Loading content...
We've established that the marginal likelihood $p(\mathcal{D}|\mathcal{M})$—also called model evidence—forms the basis of Bayesian model comparison. But what exactly does this quantity measure? Why should the integral of likelihood over the prior distribution be the 'right' way to evaluate a model?
This page explores the deep conceptual foundations of model evidence. We'll see that it naturally encapsulates the bias-variance trade-off, embodies predictive accuracy, and implements an automatic Occam's razor that prefers simpler models when complexity isn't justified by the data.
Understanding model evidence at this level transforms it from a mathematical convenience into a principled philosophy of model quality.

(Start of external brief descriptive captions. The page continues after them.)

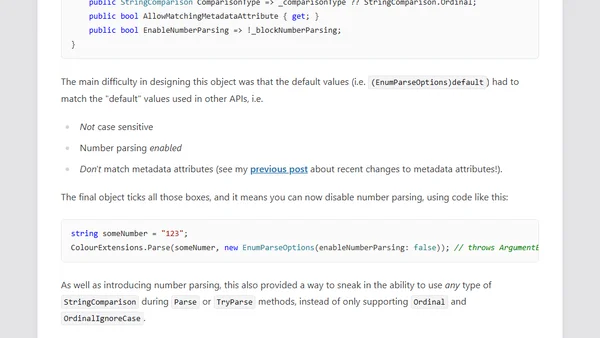 Recent updates to NetEscapades.EnumGenerators: new APIs and System.Memory support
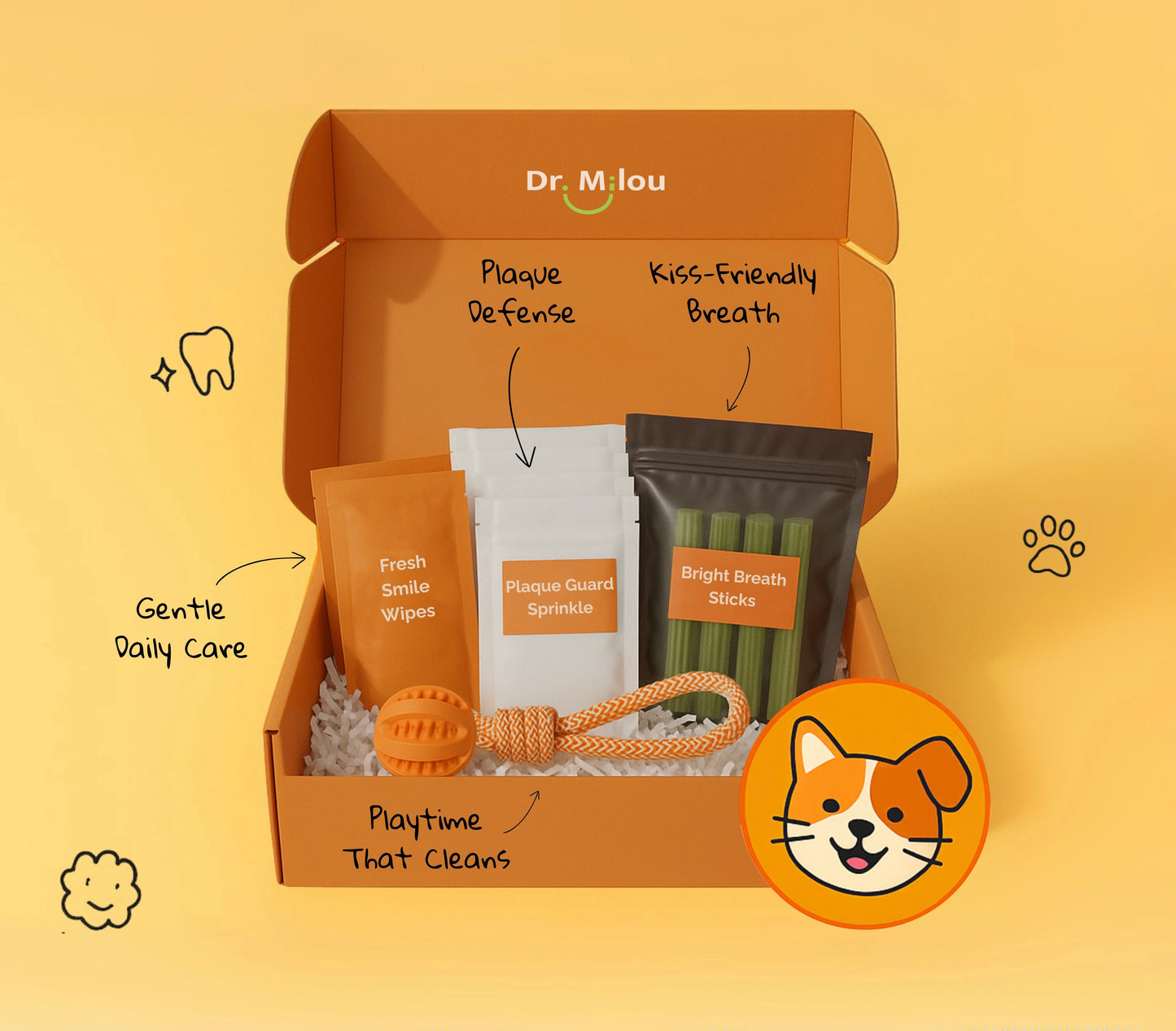 Purrfect Pet Kingdom pet dental care kit with dental wipes, breath sticks, and plaque defense items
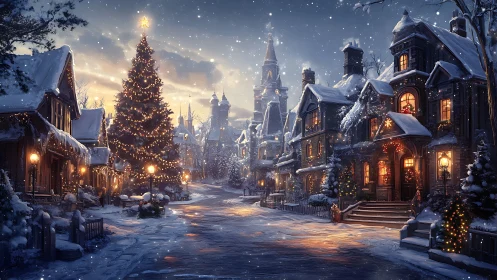 Snowy village street under glowing Christmas tree lights.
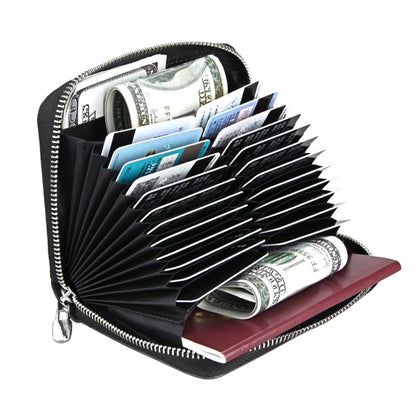 Antimagnetic RFID Multi-functional Genuine Leather Card Package(Black) by buy2fix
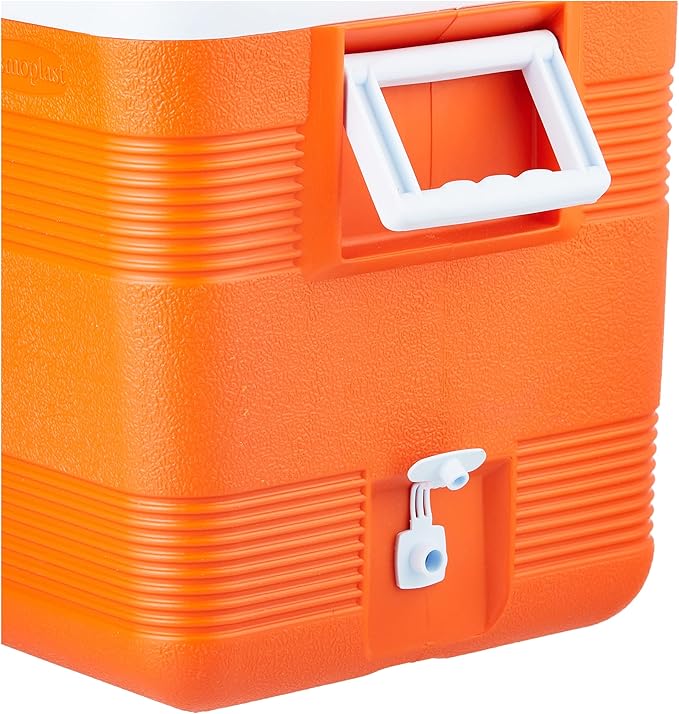 60L Plastic Cooler Icebox Deluxe Orange – Heavy Duty Insulated Cooler with 6-Day Ice Retention
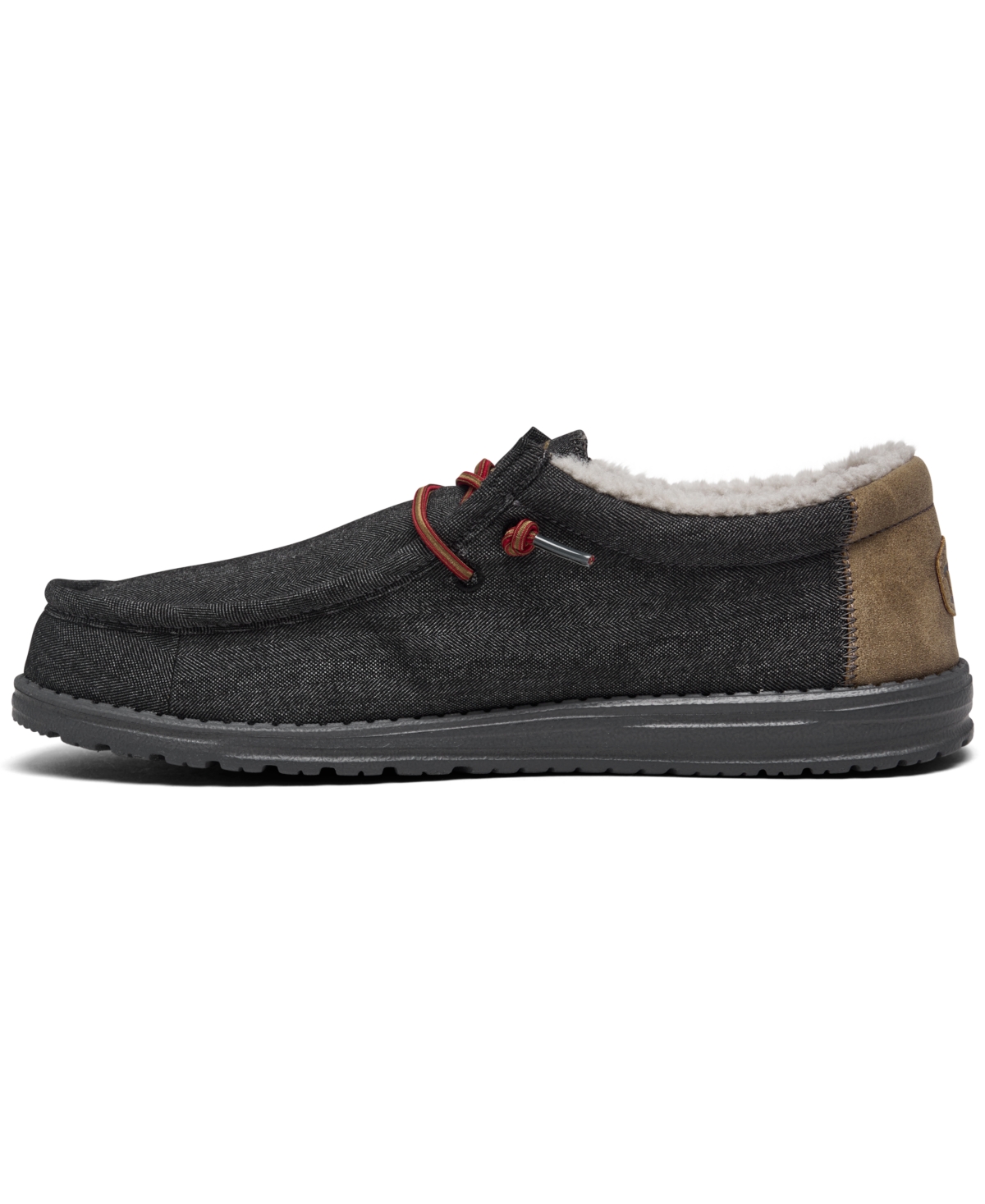 Shop Hey Dude Men's Wally Black Shell Casual Slip-on Moccasin Sneakers From Finish Line In Dark Gray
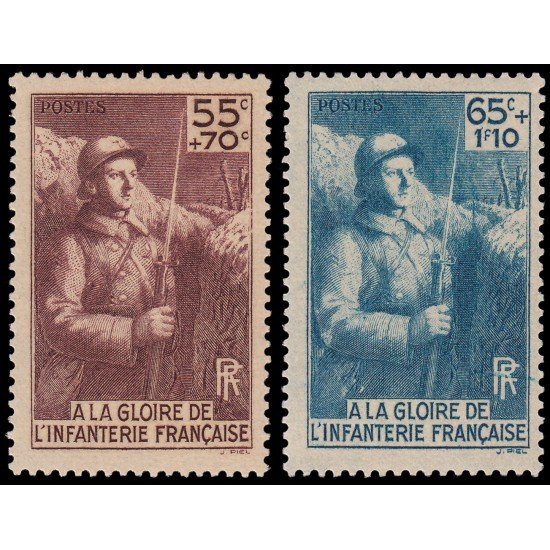 France Francia 386/87 1938 Para erigir un monumento a la infantería MNH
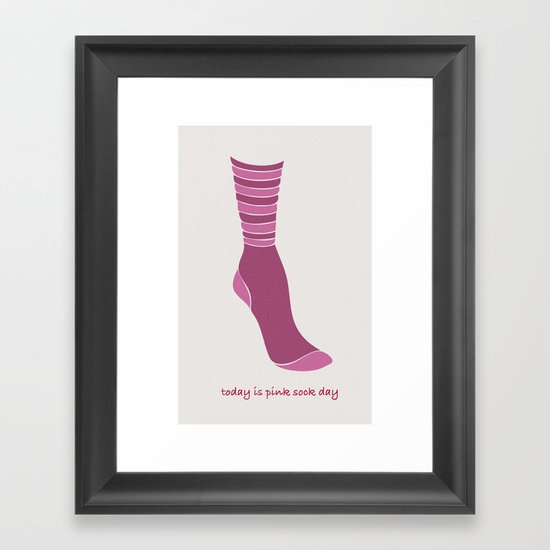 Today Is Pink Sock Day Framed Art Print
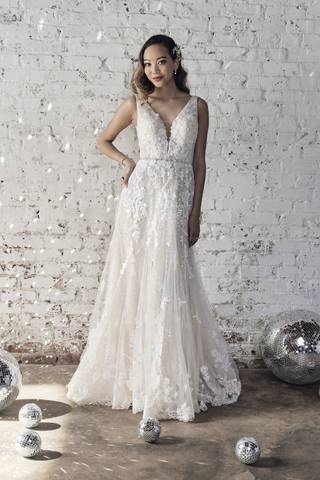 Picture of Tulle Plunging Tank A-Line Wedding Dress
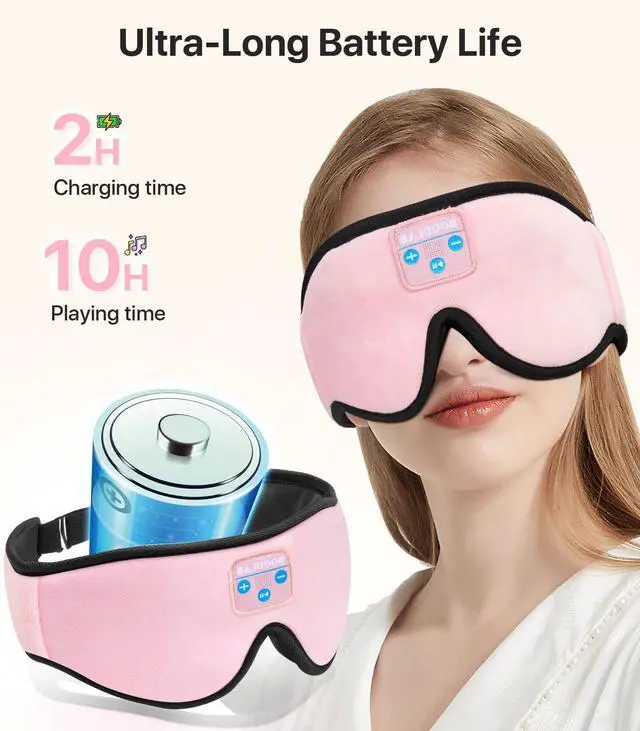 Alt view image 14 of 14 - Sleep Headphones 3D Sleep Mask with Bluetooth 5.4 Headphones, Wireless Music Sleeping Eye Mask with Ultra-Thin HD Stereo Speakers for Side Sleepers, Adjustable Blackout & Noise Cancelling for Men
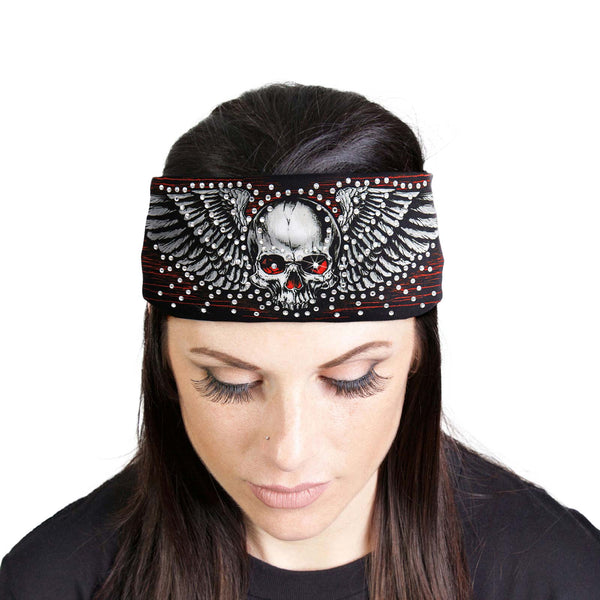 Milwaukee Leather | Bling Designed Wide Headbands-Headwraps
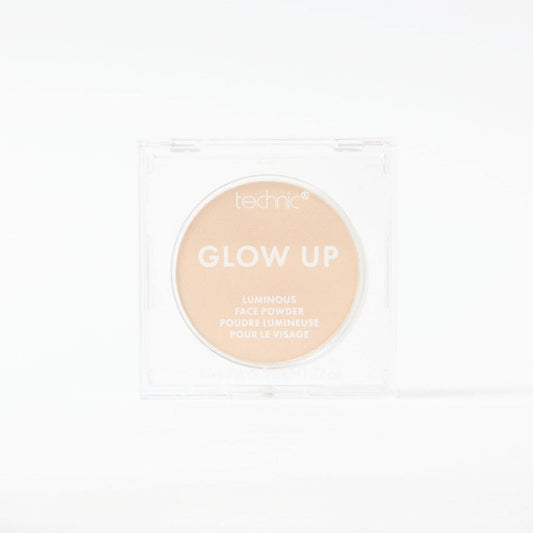 A glow up luminous face powder in the shade Light on a white background.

By the end of this page, you will understand: (1) Model evidence as a measure of predictive accuracy on the observed data, (2) The decomposition of evidence into data fit and complexity penalty, (3) How model evidence relates to compression and minimum description length, (4) The connection between evidence maximization and type-II maximum likelihood, (5) When model evidence succeeds and fails as a model selection criterion.
Before observing any data, a Bayesian model makes probabilistic predictions. If we sample parameters from the prior and then sample data from the likelihood, we get the prior predictive distribution:
$$p(\mathcal{D} | \mathcal{M}) = \int p(\mathcal{D} | \boldsymbol{\theta}, \mathcal{M}) \cdot p(\boldsymbol{\theta} | \mathcal{M}) , d\boldsymbol{\theta}$$
This is precisely the marginal likelihood! The model evidence is the probability that the model assigns to the observed data before looking at the data to learn parameters.
Interpretation: Model evidence asks: 'If I hadn't seen the data yet and sampled parameters randomly from my prior, how likely would I be to generate exactly the data I observed?'
A model that assigns high probability to the observed data before learning is a model that 'predicted' the data well. A model that assigns low probability made poor predictions—even if it can fit the data well after parameter tuning.
Think of model evidence as grading each model on its predictions made before seeing the exam answers. A flexible model that could 'predict' anything (uniform predictions) scores poorly because it didn't commit. A model that correctly anticipated the actual data scores highly. This is why evidence penalizes unnecessary flexibility.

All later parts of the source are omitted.